While both the VTV and IVE can provide broad exposure to value-titled stocks, they aren’t perfect. One of the main criticisms is that there is some overlap with their respective growth index counterparts. To that end, the Guggenheim S&P 500 Pure Value (NYSE:RPV) may be a better choice. RPV uses screens to remove the overlap between growth and value stocks in the S&P 500. That produces a smaller and more concentrated portfolio of stocks. Currently RPV has just 118 firms. It also adds plenty of extra returns. The ETF managed to return nearly 48% in 2013. That’s versus just 32% for the traditional S&P 500 Value index. 

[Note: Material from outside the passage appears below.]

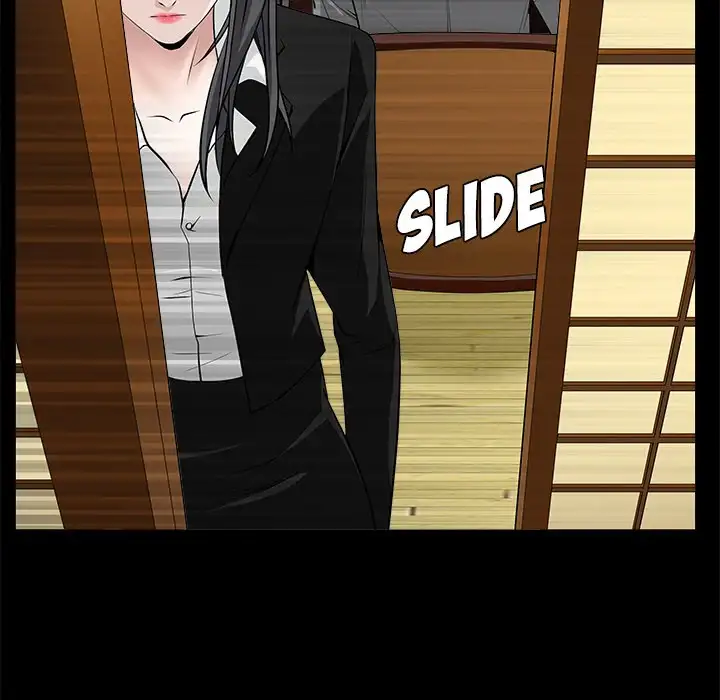 The Leash - Chapter 48 [photo 94] - MangaPorn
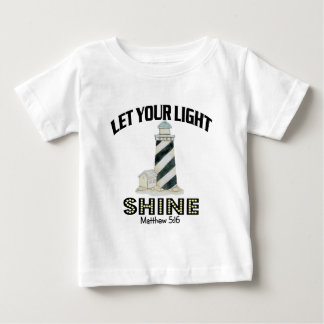Camiseta Farol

Another way to bet on value is through dividends. According to Chicago-based Morningstar (Nasdaq:MORN), high-yielding dividend stocks tend to be less volatile than other value stocks over a full business cycle. Yet they still offer many of the long term extra gains in return. Given this fact, the SPDR S&P Dividend ETF (NYSE:SDY) could be a good choice. The ETF tracks 97 different dividend paying stocks. The kicker is that SDY’s holdings had to have consistently increased their dividends every year for at least 20 consecutive years. SDY currently yields a market beating 2.33% and features many value stocks like Dallas's AT&T (NYSE:T). 

The Bottom Line

As the market has swooned, so has stocks' valuations. That’s making many investors nervous. The key to navigating this environment is switching your focus from growth towards value investing. The previous ETF picks- along with the Schwab US Large-Cap Value ETF (Nasdaq:SCHV)- make adding a dose of value to a portfolio easy.

Disclosure - At the time of writing, the author did not own shares of any company mentioned in this article.